= TASK OBJECTIVE =
Reproduce from the records below, with no pictures, exactly the lines between the one containing "yanfind Fashion PVC" and the one containing "Sara Low Fire Cloud Crackle B115 Sara", inclusive.

= RECORDS PROVIDED =
--- START ---
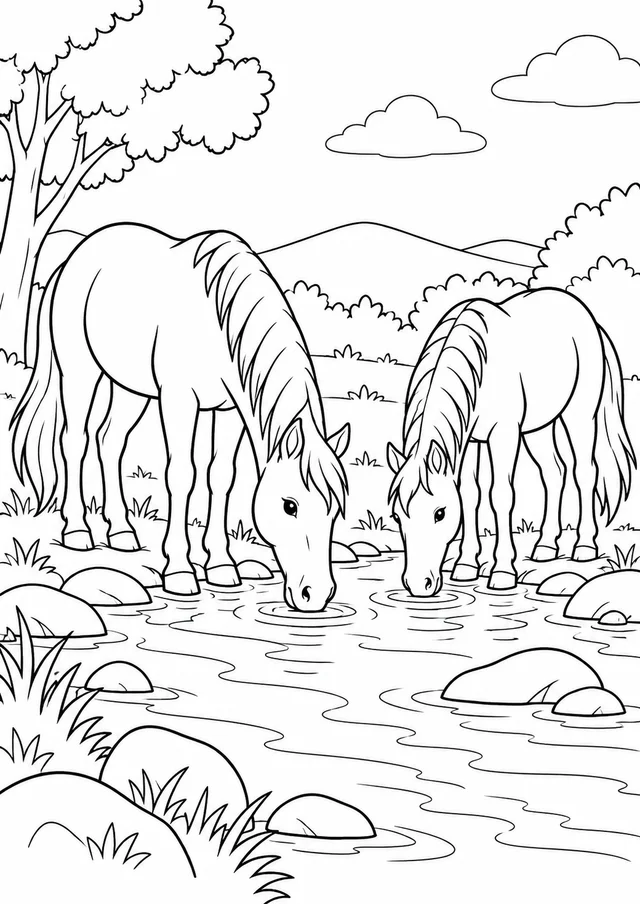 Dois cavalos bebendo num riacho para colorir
--- END ---
--- START ---
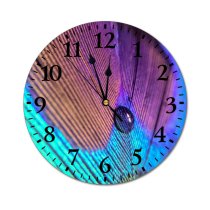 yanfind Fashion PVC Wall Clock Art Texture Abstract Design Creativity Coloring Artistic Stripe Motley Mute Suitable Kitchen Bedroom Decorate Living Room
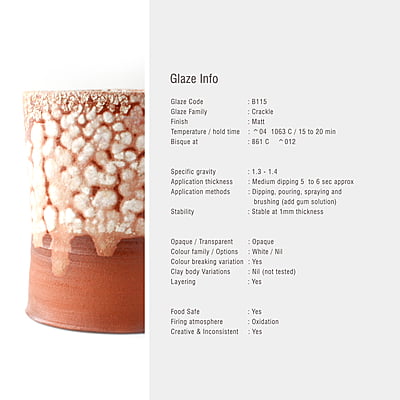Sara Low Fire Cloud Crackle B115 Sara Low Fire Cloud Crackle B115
--- END ---
= RESULT FOR THIS TASK =
 yanfind Fashion PVC Wall Clock Art Texture Abstract Design Creativity Coloring Artistic Stripe Motley Mute Suitable Kitchen Bedroom Decorate Living Room
Sara Low Fire Cloud Crackle B115 Sara Low Fire Cloud Crackle B115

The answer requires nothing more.